UnicodeEncodeError: 'charmap' codec can't encode characters

SstrykerR picture SstrykerR · Nov 23, 2014 · Viewed 458.9k times · Source

I'm trying to scrape a website, but it gives me an error.

I'm using the following code:

import urllib.request
from bs4 import BeautifulSoup

get = urllib.request.urlopen("https://www.website.com/")
html = get.read()

soup = BeautifulSoup(html)

print(soup)

And I'm getting the following error:

File "C:\Python34\lib\encodings\cp1252.py", line 19, in encode
    return codecs.charmap_encode(input,self.errors,encoding_table)[0]
UnicodeEncodeError: 'charmap' codec can't encode characters in position 70924-70950: character maps to <undefined>

What can I do to fix this?

Answer

twasbrillig picture twasbrillig · Feb 27, 2017

I was getting the same UnicodeEncodeError when saving scraped web content to a file.

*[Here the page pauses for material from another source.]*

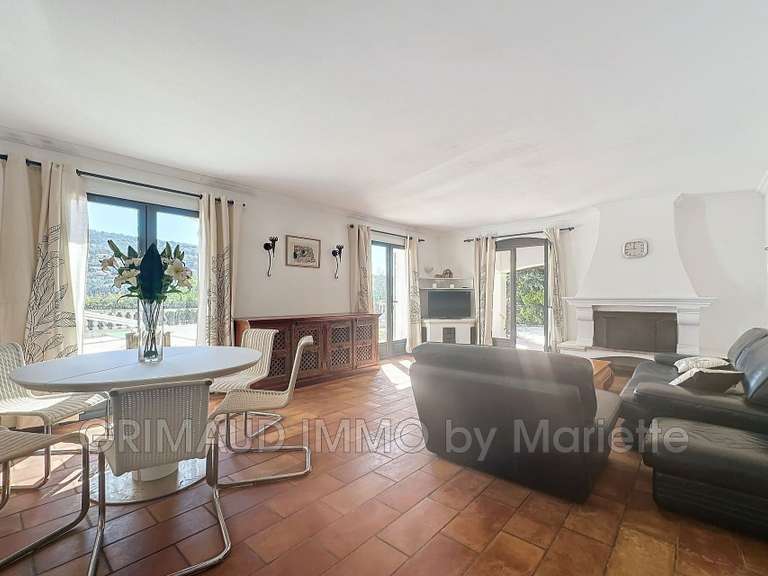 Villa Roquebrune-sur-Argens - 5 chambres - 151m²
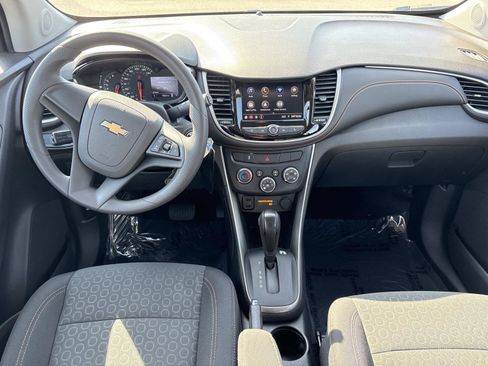 Used 2020 Chevrolet Trax LS image 27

To fix it I replaced this code:

with open(fname, "w") as f:
    f.write(html)

with this:

import io
with io.open(fname, "w", encoding="utf-8") as f:
    f.write(html)

Using io gives you backward compatibility with Python 2.

If you only need to support Python 3 you can use the builtin open function instead:

with open(fname, "w", encoding="utf-8") as f:
    f.write(html)